Postby PyMD5 » Fri Sep 09, 2016 4:57 am

wavic wrote:
PyMD5 wrote:Actually, I'm working on that. I found that with a list comprehension, it greatly sped up the process with a small range of IP addresses, but as the list grew, it'd consume all memory and slow to a crawl... so I'm combining my current code with a list comprehension that only runs on a million IP addresses at a time, wrapped in a for loop that increments by one million. If it works, that should just about double the speed of this thing.

Hm! All that indexing... Is there a way to avoid that? Doesn't this slow down the program?
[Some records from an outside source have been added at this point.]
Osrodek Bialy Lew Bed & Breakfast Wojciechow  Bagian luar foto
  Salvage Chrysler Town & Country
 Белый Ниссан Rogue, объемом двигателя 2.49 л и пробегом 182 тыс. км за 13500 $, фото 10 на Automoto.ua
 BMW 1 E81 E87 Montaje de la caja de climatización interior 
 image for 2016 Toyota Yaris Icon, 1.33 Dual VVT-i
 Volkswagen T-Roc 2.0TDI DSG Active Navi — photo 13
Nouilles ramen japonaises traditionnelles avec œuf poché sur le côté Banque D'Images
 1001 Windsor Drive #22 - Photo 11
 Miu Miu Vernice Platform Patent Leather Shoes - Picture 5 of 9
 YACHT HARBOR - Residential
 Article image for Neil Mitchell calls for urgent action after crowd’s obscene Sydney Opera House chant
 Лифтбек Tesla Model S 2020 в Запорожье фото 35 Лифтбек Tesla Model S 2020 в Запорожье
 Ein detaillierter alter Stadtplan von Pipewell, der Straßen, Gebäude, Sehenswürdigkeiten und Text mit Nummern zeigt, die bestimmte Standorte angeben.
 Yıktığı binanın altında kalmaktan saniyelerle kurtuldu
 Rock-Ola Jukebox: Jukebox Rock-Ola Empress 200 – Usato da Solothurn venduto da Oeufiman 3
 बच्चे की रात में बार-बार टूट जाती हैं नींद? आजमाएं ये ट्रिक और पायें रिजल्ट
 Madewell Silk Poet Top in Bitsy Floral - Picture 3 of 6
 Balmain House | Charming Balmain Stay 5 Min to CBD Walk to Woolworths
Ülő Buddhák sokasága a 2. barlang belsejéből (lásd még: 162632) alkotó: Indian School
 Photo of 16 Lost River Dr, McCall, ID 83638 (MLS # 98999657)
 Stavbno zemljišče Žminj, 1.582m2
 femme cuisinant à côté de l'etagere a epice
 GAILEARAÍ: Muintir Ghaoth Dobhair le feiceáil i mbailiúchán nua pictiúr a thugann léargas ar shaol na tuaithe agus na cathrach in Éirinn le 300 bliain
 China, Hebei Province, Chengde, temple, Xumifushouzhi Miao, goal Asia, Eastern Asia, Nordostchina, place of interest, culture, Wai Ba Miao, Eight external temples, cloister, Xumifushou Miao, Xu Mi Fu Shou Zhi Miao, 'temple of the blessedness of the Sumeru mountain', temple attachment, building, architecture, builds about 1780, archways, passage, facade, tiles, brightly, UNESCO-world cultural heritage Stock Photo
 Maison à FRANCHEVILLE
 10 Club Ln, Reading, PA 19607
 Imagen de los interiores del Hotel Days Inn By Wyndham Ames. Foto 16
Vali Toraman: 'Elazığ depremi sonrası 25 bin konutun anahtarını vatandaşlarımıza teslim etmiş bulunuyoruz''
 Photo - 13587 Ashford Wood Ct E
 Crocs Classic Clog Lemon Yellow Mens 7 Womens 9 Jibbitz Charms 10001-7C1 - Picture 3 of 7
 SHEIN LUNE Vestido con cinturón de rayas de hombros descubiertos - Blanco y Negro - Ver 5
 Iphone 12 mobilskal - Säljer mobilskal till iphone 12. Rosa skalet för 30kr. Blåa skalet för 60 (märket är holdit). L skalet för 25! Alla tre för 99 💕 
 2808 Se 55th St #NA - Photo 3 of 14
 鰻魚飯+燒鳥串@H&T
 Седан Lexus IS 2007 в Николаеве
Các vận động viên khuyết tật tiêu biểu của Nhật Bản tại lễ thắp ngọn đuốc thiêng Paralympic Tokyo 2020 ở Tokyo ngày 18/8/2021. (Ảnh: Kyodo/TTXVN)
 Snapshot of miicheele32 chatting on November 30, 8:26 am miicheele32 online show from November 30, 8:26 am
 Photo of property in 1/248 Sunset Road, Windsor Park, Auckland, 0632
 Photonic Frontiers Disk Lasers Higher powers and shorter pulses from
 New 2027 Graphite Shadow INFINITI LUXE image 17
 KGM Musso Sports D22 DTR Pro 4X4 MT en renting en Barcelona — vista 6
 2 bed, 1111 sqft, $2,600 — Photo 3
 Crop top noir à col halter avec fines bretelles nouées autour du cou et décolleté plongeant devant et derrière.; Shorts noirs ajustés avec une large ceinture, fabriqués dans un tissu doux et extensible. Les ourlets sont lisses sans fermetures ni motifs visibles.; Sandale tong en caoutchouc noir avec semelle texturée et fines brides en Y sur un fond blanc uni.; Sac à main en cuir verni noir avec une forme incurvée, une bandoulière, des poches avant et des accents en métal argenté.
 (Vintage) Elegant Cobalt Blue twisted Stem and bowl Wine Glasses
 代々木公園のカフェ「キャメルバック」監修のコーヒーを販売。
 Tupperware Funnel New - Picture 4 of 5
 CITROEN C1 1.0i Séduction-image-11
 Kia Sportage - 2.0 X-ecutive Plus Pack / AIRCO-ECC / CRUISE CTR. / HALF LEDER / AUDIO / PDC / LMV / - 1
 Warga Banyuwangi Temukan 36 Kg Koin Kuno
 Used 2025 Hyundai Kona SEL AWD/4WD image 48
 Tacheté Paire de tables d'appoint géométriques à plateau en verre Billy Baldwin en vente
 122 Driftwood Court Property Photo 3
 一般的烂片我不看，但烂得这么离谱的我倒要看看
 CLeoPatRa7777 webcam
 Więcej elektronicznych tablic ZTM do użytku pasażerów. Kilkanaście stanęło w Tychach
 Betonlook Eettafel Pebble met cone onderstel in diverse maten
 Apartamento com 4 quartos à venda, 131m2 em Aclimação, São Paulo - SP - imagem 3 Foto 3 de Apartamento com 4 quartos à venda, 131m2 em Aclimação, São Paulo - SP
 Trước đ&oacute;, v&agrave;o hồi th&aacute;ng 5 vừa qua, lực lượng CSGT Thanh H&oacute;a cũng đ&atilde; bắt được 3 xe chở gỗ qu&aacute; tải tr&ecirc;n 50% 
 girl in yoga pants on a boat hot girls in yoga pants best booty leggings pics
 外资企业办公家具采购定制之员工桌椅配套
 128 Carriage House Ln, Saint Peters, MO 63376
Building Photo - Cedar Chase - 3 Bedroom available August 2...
Yeah, it does. In order to keep the list comprehension fast, it has to be really small, which means it's looping through the rest of the code more often, which slows it down... a Catch-22 I couldn't resolve.

I'm trying something else, creating a bunch of MD5 hashes all at once, chucking them into an array, then comparing the known hashes to that array. I'm testing that code now. It's doing about 2 million IP addresses per minute per process right now, but I've got more tweaking to do.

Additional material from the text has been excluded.